EXERCISE DIRECTIONS:
No pictures belong in the copy. Restate the rest of the data exactly.

DATA IN THIS EXERCISE:
◆ ◆ ◆ ◆ ◆ ◆ ◆

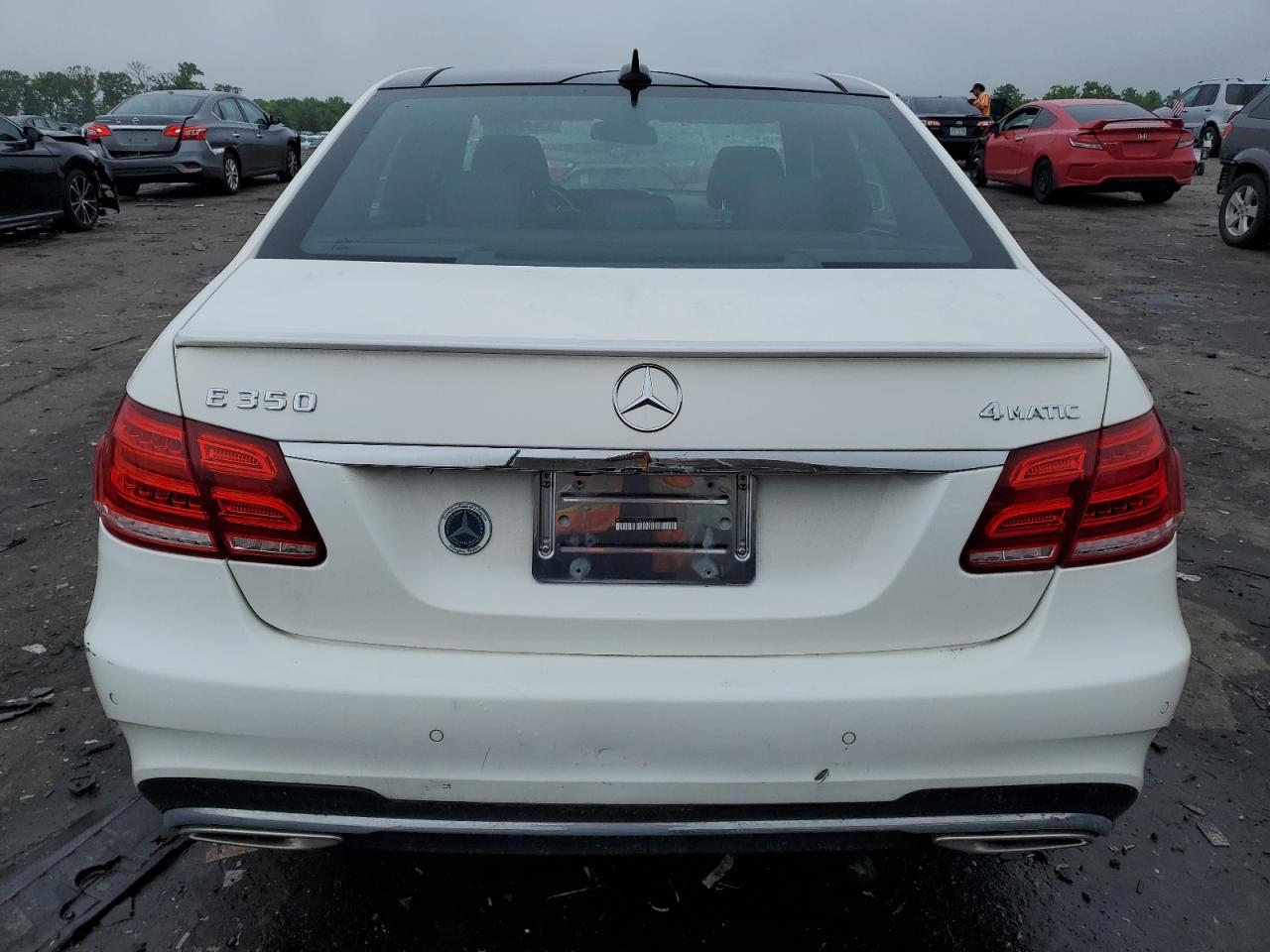 2014 Mercedes-Benz E 350 4Matic vin: WDDHF8JB7EA824861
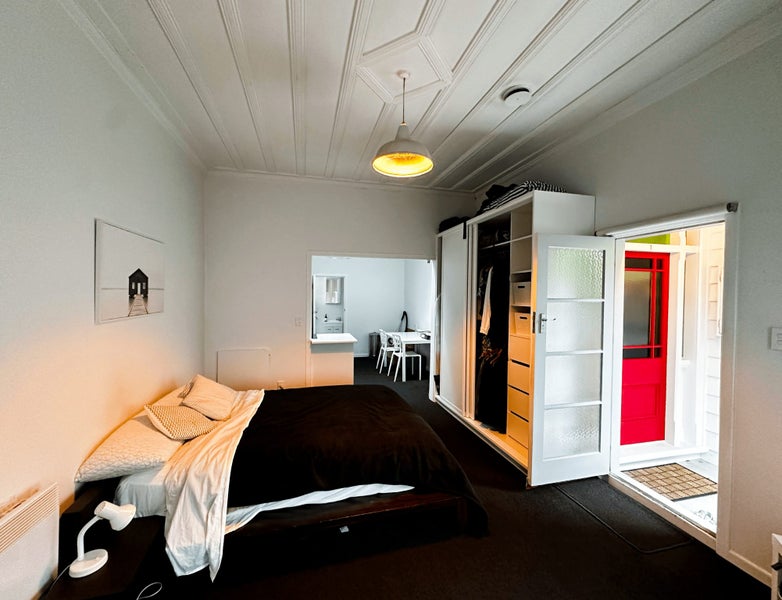 1/43 Crummer Road, Grey Lynn, Auckland - Carousel 2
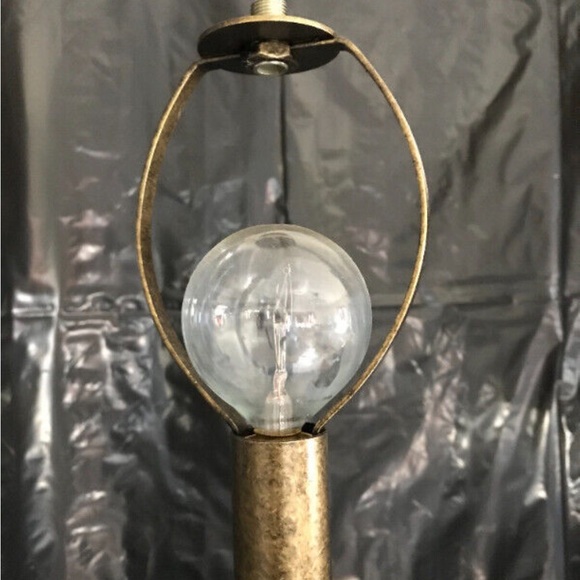 Beaded shade lamp 28” tall - Picture 6 of 7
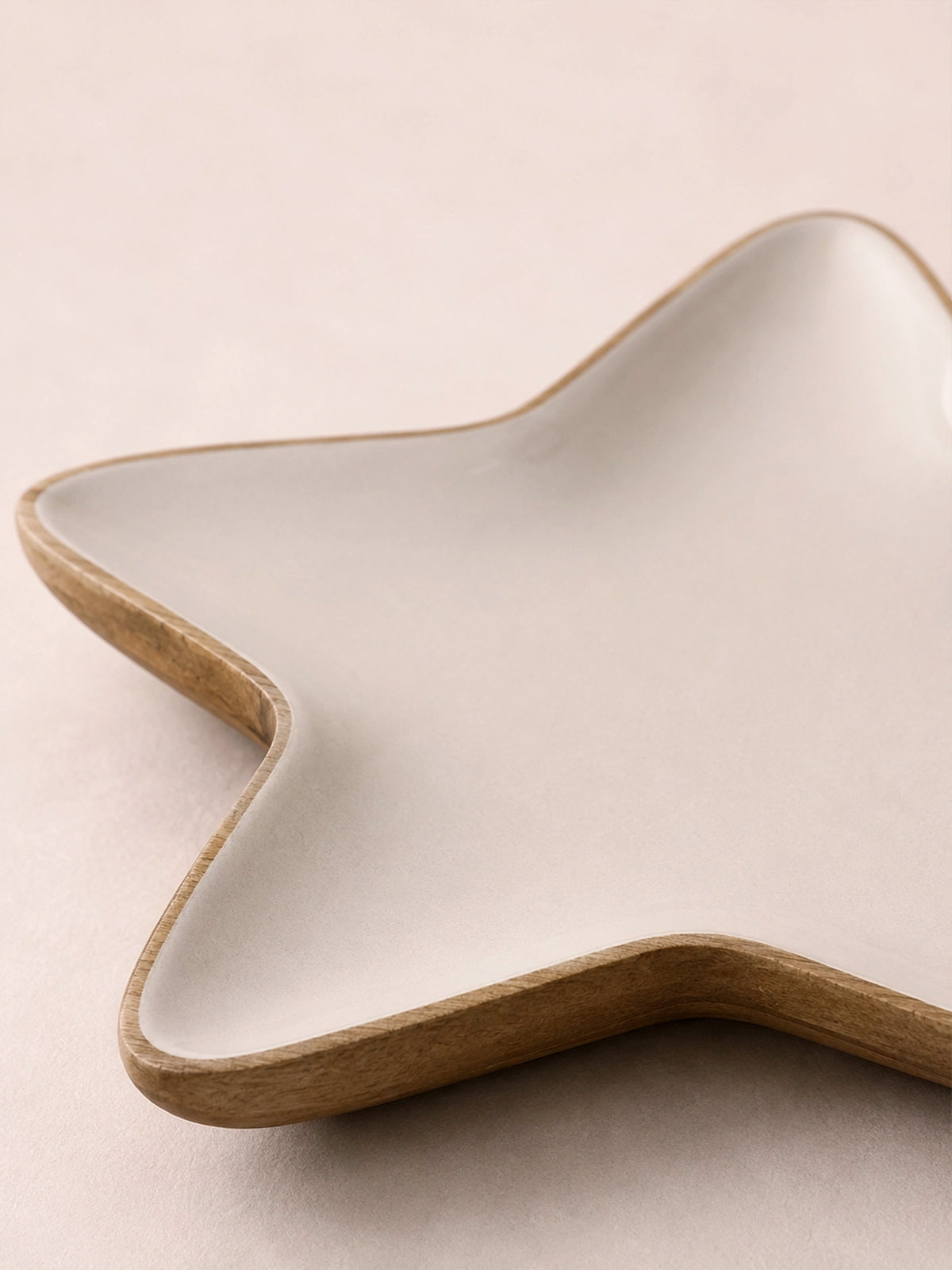 Bandeja estrella de madera de mango con base esmaltada blanca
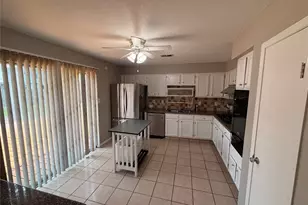 3227 Glade Springs Dr, Houston, TX 77339 - Photo 14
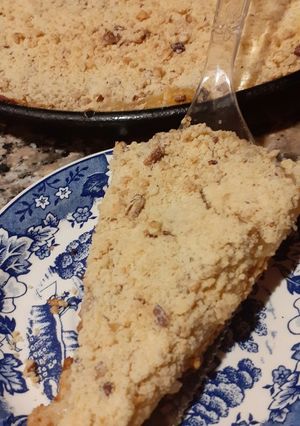 Una foto de Crumble vegano de manzanas y nueces
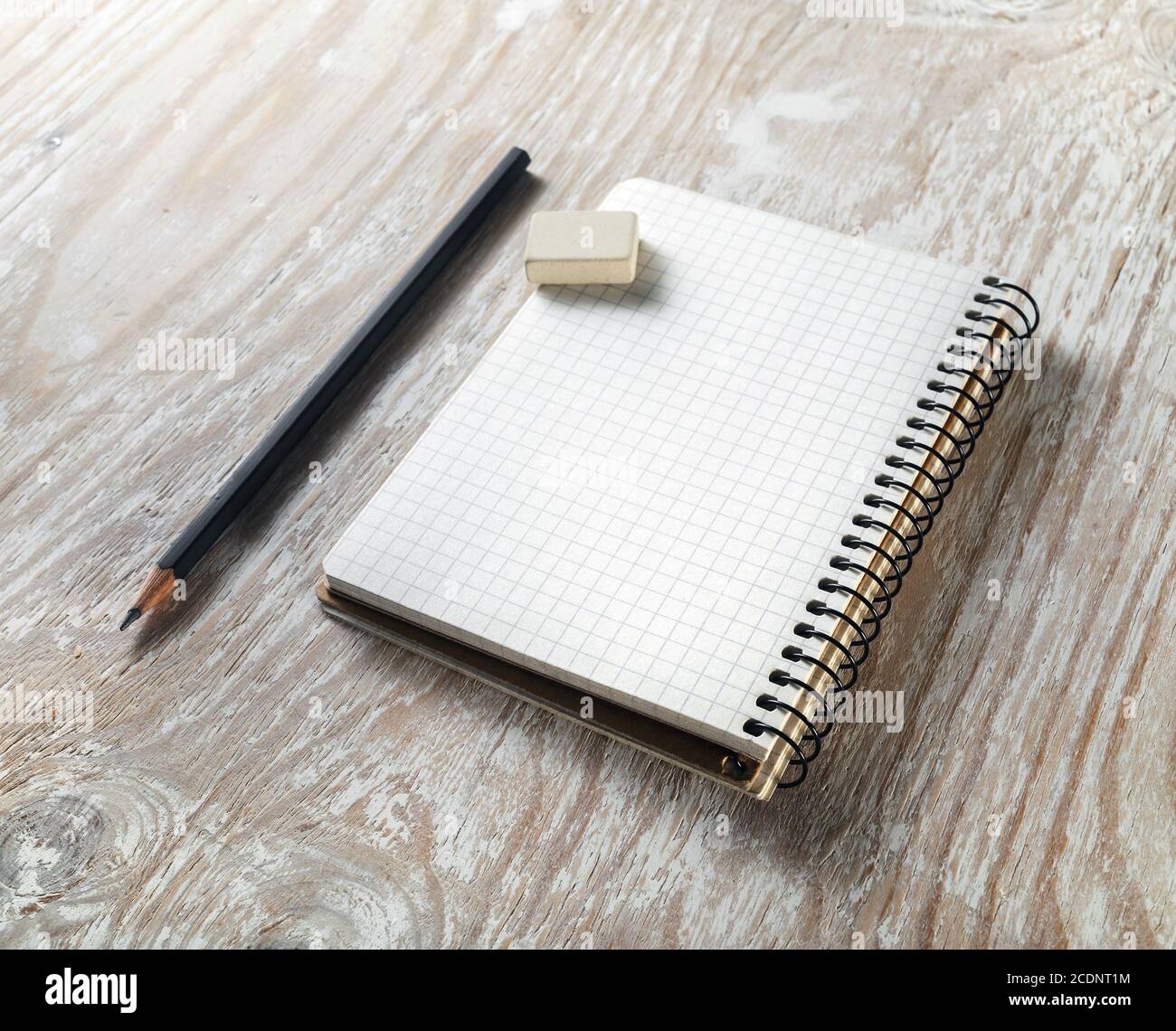 Bloc-notes avec crayon blanc Banque D'Images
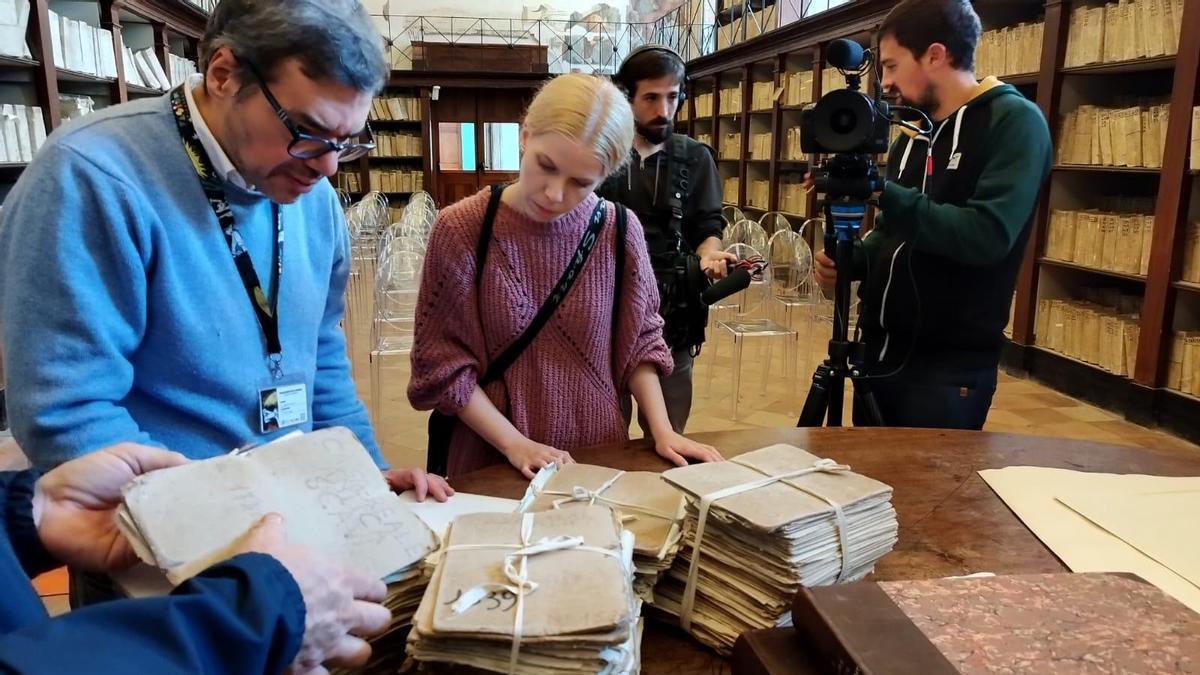 Silvia Pradas, directora del documental, leyendo unos archivos durante el rodaje del documental.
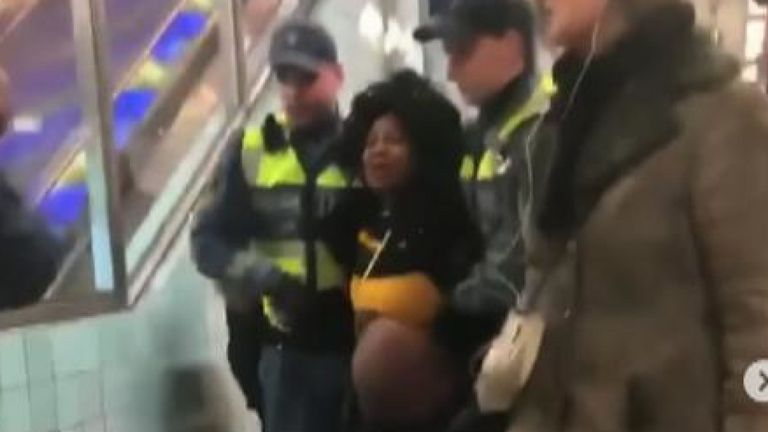 La femme a été escortée sur le quai. Pic: Instagram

◆ ◆ ◆ ◆ ◆ ◆ ◆

ANSWER FOR THE TASK:
 2014 Mercedes-Benz E 350 4Matic vin: WDDHF8JB7EA824861
 1/43 Crummer Road, Grey Lynn, Auckland - Carousel 2
 Beaded shade lamp 28” tall - Picture 6 of 7
 Bandeja estrella de madera de mango con base esmaltada blanca
 3227 Glade Springs Dr, Houston, TX 77339 - Photo 14
 Una foto de Crumble vegano de manzanas y nueces
 Bloc-notes avec crayon blanc Banque D'Images
 Silvia Pradas, directora del documental, leyendo unos archivos durante el rodaje del documental.
 La femme a été escortée sur le quai. Pic: Instagram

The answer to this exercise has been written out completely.